I'd agree, looks like a hardware problem.
Note the age of your 1G drive...it has got to be close to ten years old.

OpenBSD's file systems are very solid.  What you saw is a very
extraordinary event.  I've seen something close to that only a very few
times in many years and many machines of working with OpenBSD, and it
always involved a power-off in the middle of some disk activity, and
that's not what happened in your case.  I routinely freak people out by
tapping the power button on an OpenBSD machine if it is not convient to
login to do a proper shutdown (yeah, I make sure it isn't busy at the
time, but otherwise, just hit the button).

Good way to work a hard disk: Unpack ports or source tar.gz files,
'specially with softdeps off.

Nick.



Re: Complete disk disaster

2005-08-23 Thread Josh Grosse
On Tue, Aug 23, 2005 at 11:29:18AM +0200, Ramiro Aceves wrote:
...
 Do you know of any disk test or utility program that can stress the disk
 to work hard until it fails?

Smartmontools is available as an OBSD package.  From the port readme:

--

smartmontools-5.33 -- control and monitor storage systems using SMART

The smartmontools package contains two utility programs (smartctl and
smartd) to control and monitor storage systems using the
Self-Monitoring, Analysis and Reporting Technology System (SMART) built
into most modern ATA and SCSI hard disks.  In many cases, these
utilities will provide advanced warning of disk degradation and failure.
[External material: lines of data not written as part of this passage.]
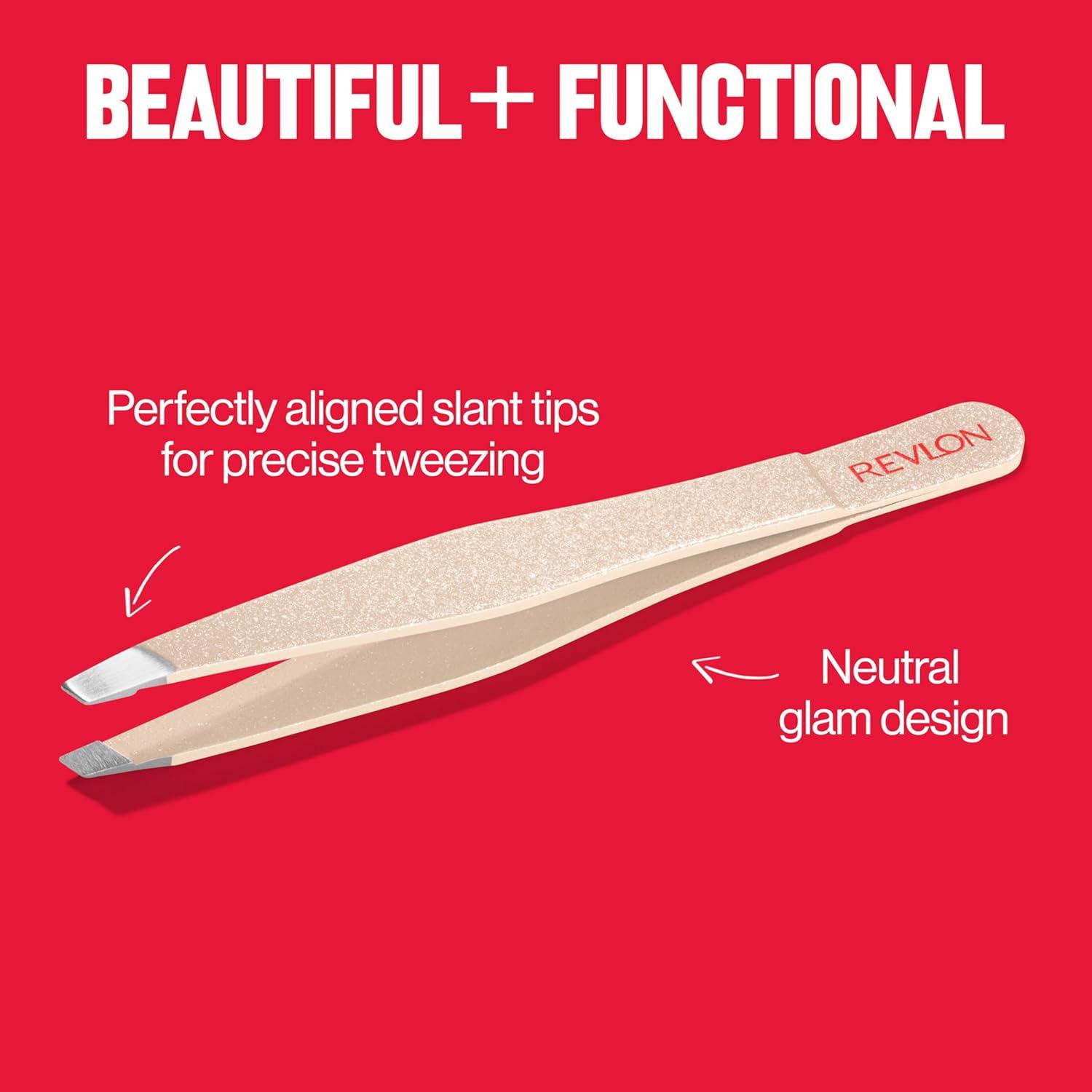 imageRevlon Designer Series Slant Tweezer High Precision Made With Long Lasting Stainless Steel 1 Count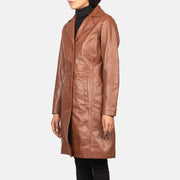 Brown Cowhide leather Coat - Rückansicht mit passgenauen Schultern &amp; sauberem Saum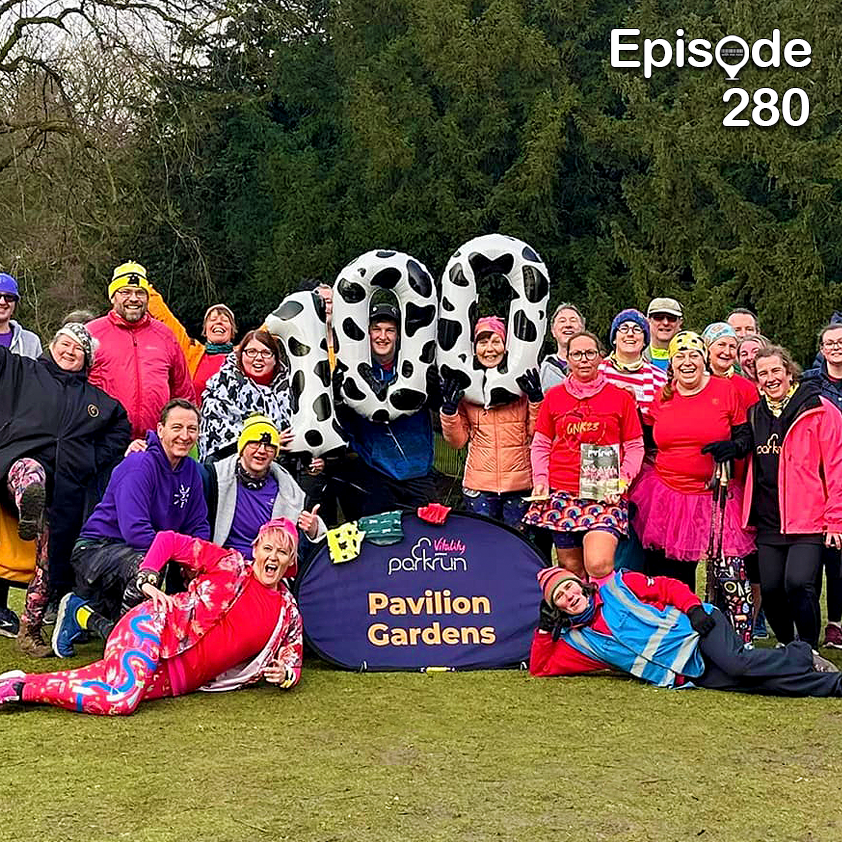 WithMeNowPod's tweet photo. 2️⃣8️⃣0️⃣ Episode 280 - 'blame all the Steves’ is now available!
🤳 Repentant Nicola stays close to home and Danny was chased by a quickie seeker at Markeaton parkrun.
📷: Lynsey Burrell & co at Pavilion Gardens parkrun celebrating her 100th different volunteering location. https://t.co/MbJfQBoGi0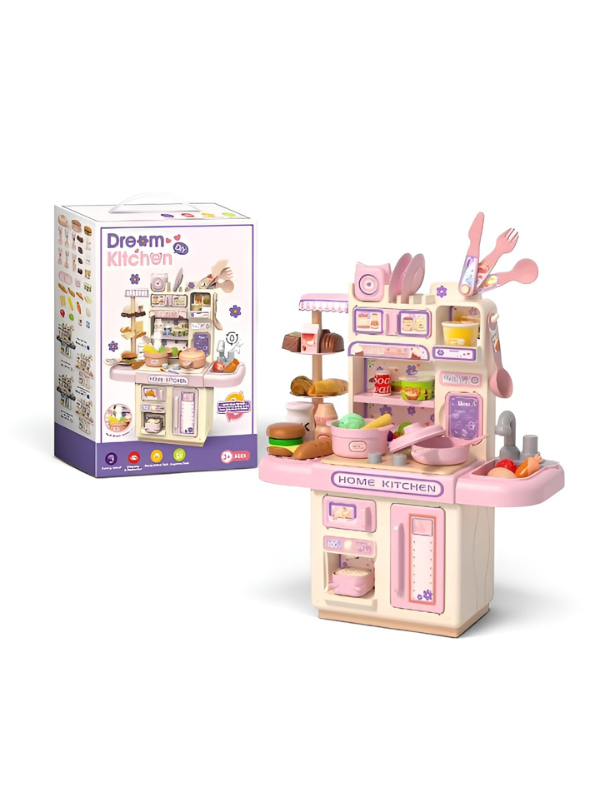 Interactive Toddler Kitchen Toy Set (33 Pcs) – Pretend Play Cooking Station with Real Water Flow, Lights, Steam Mist & Food Accessories MD701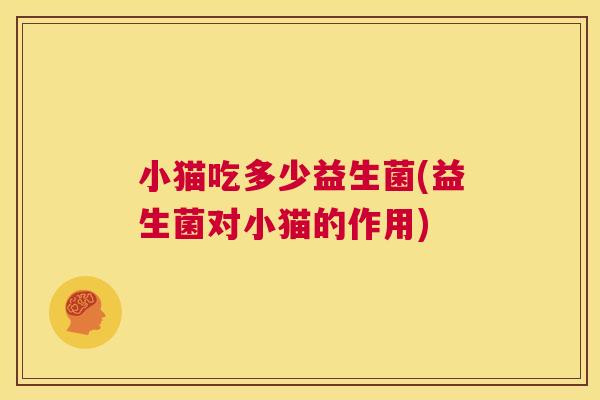小猫吃多少益生菌(益生菌对小猫的作用)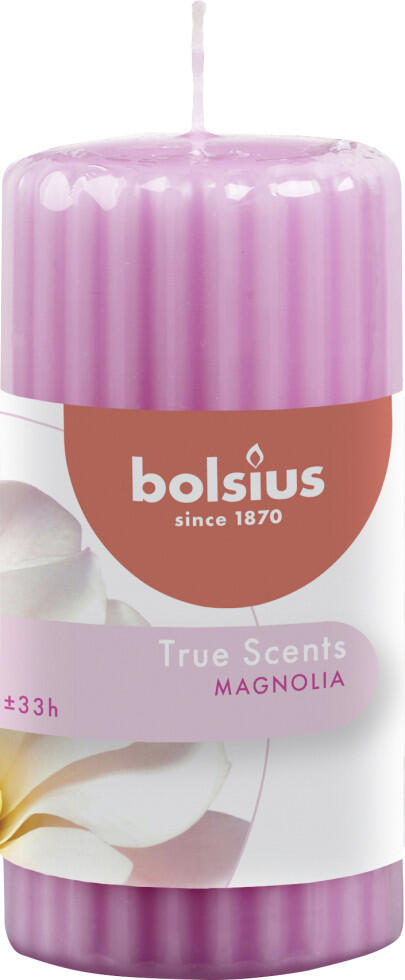 Bolsius True Scents Scented ribbed pillar candle, pink magnolia, 12 cm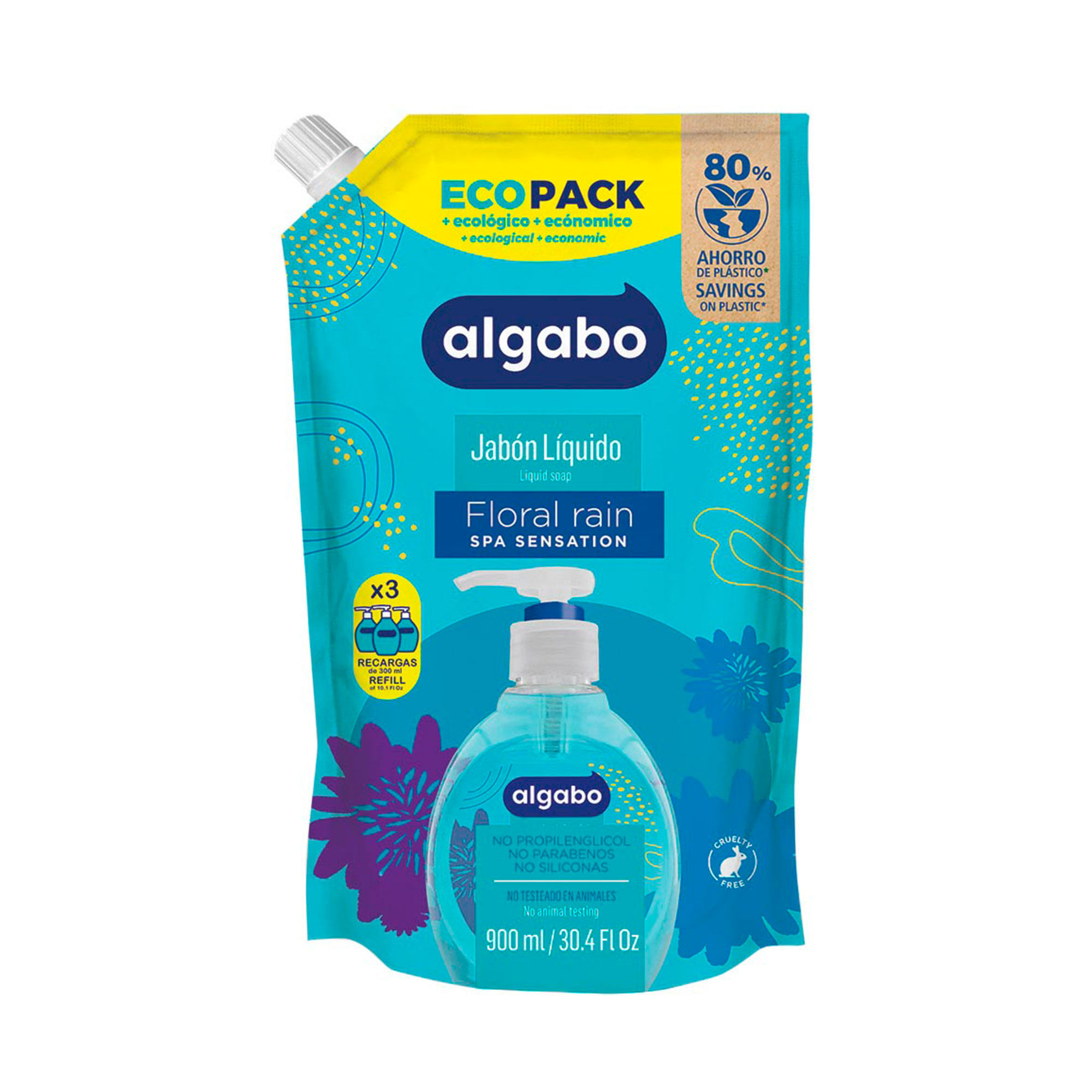 Jabón líquido Algabo ecopack floral rain 900 cc.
See http://smartmontools.sourceforge.net/ for details.



Re: Complete disk disaster

2005-08-23 Thread Bryan Irvine
 Good way to work a hard disk: Unpack ports or source tar.gz files,
 'specially with softdeps off.

And once you are done unpacking run /usr/libexec/locate.updatedb a few times :-)

This would cause the system to 'touch' every file on your drive and
you will almost surely see errors if there is a disk problem.


--Bryan



Re: Complete disk disaster

2005-08-23 Thread Will H. Backman
Most drives keep track of errors and are able to warn you of trouble
before they fail completely.  SMART is not always reliable, but should
warn you of coming problems.
See the atactl man page



Re: Complete disk disaster

2005-08-23 Thread Ramiro Aceves
Josh Grosse wrote:
 On Tue, Aug 23, 2005 at 11:29:18AM +0200, Ramiro Aceves wrote:
 
...
Do you know of any disk test or utility program that can stress the disk
to work hard until it fails?
 


Oh, thanks, but I tried to do it a month ago from my Linux box and this
is an old disk that does not have the SMART thing. :-(

Thank you very much.

Ramiro.


 
 Smartmontools is available as an OBSD package.  From the port readme:
 
 --
 
 smartmontools-5.33 -- control and monitor storage systems using SMART
 
 The smartmontools package contains two utility programs (smartctl and
 smartd) to control and monitor storage systems using the
 Self-Monitoring, Analysis and Reporting Technology System (SMART) built
 into most modern ATA and SCSI hard disks.  In many cases, these
 utilities will provide advanced warning of disk degradation and failure.
 
 See http://smartmontools.sourceforge.net/ for details.



Re: Complete disk disaster

2005-08-23 Thread Edd Barrett
 Oh, thanks, but I tried to do it a month ago from my Linux box and this
 is an old disk that does not have the SMART thing. :-(

At the price of storage media these days, you may aswell just buy another disk.

Regards

Edd